Friday, May 22, 2009

Bricklayers Arms, Bloomsbury

The minutes of the LCS General Committee for the 13 August 1795, contain the following wonderfully sarcastic note detailing why Div. 29 were forced to move to the Bricklayers Arms:

29 - Are compelled by their Landlord to change their night of Meeting from Monday to Tuesday & was obliged for that Evening to meet in an upper Bed Room to accommodate a Society of Loyal Britons or a club of Church & Kings men who have taken our late meeting Room. The Landlord therefore obliged us to evacuate the same, during the whole Evening Citizens our Senses were charmed with those melodious Notes of God Save the king, rule Brittania Briton strike home &c &c &c - But those tunes not being quite in unison with the undermentioned Citizens they therefore determined to branch of to form a new Division to meet on a Monday at the Bricklayers Arms Kingsgate Bloomsbury & request the Comee to appoint a Number & Deputation to open the Same -
The Citns who are here present have set down their Names
Turner Stacey Skale Stone Wenham Hanbury Sherman Anderson Parkinson Flyill
To be No 51 - Banting Powell, Place - Monday (Add MSS 27813, fos. 101v-7v; Thale 285).


The minutes of the LCS General Commitee for 10 September 1795 report that Div. 51 moved "from Bricklayers Arms Kingsgate St to the Kings Arms Smarts Buildings" (Add MSS 27813, fos. 126-9; Thale 302).

This description shows some of the pressures that the LCS were under which forced them to abandon certain meeting places, and eventually led to the collapse of the society.
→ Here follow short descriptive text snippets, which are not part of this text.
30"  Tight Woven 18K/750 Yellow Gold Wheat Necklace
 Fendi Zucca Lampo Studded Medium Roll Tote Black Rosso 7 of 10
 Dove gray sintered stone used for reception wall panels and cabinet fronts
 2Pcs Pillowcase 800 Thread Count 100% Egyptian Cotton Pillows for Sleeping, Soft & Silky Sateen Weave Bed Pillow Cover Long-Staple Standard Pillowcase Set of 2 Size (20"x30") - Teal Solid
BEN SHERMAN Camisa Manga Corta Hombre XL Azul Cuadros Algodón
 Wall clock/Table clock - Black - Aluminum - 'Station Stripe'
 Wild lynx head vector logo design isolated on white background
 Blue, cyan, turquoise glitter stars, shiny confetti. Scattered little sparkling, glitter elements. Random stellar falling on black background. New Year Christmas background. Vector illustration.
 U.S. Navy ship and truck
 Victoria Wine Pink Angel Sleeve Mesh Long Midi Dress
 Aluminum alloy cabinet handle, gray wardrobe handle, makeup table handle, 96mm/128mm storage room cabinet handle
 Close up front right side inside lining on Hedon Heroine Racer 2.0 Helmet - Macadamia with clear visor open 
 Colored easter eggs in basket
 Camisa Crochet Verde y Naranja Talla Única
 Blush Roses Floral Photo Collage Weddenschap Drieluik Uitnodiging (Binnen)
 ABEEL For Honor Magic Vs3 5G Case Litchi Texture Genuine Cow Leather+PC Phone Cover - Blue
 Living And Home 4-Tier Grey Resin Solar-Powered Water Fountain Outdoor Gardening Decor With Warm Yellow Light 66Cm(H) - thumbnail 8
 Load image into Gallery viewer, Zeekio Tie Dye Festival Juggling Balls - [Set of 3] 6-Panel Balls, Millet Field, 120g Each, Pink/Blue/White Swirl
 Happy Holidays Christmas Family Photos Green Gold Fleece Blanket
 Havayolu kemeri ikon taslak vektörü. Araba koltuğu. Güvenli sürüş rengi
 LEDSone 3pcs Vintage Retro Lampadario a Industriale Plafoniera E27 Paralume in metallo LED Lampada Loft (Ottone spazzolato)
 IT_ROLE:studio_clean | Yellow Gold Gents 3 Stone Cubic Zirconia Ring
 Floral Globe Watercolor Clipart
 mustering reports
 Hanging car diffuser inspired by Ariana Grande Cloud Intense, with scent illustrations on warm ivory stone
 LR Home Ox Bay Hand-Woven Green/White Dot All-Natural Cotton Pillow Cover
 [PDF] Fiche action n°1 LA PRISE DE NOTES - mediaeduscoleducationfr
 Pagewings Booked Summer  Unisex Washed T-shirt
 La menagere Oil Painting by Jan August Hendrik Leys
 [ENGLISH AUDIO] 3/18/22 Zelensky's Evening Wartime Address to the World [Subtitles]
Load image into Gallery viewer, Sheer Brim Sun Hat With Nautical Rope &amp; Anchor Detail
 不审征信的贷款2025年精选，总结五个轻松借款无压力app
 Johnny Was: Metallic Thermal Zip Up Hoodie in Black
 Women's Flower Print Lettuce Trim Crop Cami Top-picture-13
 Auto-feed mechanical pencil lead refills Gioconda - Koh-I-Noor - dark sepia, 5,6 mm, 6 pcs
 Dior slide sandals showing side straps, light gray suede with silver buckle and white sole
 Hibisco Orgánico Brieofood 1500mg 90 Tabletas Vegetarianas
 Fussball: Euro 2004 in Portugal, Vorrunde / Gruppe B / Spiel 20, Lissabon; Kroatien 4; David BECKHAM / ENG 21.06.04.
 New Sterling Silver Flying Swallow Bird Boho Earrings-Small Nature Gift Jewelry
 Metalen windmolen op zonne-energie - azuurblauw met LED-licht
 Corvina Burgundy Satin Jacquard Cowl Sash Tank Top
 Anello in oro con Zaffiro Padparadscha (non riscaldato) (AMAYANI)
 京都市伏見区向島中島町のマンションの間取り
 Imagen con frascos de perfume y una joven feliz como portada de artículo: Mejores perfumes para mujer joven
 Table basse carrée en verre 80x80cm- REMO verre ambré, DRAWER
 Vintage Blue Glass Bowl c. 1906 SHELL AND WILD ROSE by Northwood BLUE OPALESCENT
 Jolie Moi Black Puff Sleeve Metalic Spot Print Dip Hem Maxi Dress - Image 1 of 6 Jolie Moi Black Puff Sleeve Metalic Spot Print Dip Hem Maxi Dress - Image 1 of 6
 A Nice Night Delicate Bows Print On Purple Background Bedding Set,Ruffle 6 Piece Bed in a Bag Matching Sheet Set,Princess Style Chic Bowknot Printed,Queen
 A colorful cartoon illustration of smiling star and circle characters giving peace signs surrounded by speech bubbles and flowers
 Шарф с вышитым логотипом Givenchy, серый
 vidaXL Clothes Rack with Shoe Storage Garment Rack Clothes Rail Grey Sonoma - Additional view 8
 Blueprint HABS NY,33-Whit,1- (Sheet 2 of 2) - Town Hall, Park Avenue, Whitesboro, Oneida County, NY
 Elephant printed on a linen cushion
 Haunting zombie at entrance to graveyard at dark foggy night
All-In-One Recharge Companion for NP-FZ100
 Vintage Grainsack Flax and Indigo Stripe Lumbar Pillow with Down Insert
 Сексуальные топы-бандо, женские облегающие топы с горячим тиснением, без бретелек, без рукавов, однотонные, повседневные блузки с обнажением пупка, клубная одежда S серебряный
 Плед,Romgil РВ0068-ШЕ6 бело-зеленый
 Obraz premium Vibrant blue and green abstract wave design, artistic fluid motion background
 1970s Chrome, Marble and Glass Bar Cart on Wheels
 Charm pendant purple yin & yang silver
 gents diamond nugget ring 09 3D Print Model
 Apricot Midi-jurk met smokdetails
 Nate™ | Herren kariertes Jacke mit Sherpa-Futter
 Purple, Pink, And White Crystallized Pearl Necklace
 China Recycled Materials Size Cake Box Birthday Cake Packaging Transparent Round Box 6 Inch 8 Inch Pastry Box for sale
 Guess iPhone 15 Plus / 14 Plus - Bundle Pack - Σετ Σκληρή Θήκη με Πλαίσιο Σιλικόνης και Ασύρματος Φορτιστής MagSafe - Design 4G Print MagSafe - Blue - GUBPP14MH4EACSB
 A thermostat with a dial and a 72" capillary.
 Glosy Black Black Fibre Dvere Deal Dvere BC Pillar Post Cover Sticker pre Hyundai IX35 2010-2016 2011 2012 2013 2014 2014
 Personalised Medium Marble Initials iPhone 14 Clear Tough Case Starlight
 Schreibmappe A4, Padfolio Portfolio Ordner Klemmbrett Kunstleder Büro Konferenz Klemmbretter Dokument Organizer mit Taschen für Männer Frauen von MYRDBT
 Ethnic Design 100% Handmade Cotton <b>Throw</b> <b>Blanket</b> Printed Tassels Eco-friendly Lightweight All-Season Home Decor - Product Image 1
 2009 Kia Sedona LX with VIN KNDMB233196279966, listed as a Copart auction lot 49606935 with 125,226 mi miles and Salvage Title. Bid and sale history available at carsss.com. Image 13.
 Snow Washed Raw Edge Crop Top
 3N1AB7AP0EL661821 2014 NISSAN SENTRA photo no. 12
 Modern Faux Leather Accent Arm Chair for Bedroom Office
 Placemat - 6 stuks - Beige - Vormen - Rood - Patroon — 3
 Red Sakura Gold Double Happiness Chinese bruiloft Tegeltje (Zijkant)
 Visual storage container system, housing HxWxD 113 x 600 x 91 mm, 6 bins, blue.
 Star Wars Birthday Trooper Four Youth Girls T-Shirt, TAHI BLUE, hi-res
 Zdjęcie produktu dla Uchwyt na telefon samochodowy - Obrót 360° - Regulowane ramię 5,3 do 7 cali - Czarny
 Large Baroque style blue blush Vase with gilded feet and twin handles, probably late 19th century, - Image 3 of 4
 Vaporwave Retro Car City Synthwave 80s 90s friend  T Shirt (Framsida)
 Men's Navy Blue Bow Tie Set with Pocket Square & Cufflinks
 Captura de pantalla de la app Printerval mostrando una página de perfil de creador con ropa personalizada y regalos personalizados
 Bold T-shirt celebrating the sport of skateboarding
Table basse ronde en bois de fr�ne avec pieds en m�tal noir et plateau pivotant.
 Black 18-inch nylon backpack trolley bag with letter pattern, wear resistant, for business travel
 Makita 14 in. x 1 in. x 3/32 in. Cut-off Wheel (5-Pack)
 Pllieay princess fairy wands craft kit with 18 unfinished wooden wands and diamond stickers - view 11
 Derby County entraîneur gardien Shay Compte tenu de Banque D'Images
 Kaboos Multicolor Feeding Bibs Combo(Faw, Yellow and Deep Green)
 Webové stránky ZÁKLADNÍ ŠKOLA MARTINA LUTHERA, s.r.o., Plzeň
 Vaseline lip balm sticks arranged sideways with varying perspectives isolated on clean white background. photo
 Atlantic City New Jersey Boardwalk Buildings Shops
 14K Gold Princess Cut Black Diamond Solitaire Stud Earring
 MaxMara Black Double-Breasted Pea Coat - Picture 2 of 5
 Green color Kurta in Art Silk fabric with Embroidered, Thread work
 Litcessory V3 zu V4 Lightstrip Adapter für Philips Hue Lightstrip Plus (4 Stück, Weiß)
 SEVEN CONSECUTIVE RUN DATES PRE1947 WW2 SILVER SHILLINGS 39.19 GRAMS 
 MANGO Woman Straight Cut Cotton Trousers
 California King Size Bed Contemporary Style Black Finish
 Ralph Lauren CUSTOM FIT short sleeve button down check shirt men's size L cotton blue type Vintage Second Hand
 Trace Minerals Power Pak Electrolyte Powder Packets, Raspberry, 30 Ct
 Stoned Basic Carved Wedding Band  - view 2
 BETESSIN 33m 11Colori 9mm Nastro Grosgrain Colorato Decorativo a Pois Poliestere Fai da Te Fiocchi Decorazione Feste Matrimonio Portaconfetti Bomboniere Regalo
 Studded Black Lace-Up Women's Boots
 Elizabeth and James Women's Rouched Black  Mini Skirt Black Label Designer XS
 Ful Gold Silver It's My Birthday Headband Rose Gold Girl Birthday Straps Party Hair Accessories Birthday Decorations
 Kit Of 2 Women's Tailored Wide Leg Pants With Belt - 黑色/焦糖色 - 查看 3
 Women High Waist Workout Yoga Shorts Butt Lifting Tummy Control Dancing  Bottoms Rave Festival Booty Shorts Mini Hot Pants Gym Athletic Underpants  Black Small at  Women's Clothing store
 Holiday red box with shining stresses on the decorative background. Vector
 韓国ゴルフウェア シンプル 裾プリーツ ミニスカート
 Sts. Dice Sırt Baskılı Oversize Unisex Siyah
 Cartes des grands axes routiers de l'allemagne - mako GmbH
Typically pressure was exerted on sympathetic landlords, who were threatened with having their licenses revoked if they allowed the LCS to continue meeting. Here, however, pressure was exerted much more directly by members of the public who sought to drown out the political voices of the LCS, with their own patriotic songs.


The 1839 Pigots Directory lists The Bricklayers Arms at 22 Kingsgate Street. Kingsgate Street was approximately where the southbound carriageway of Southhampton Row is today.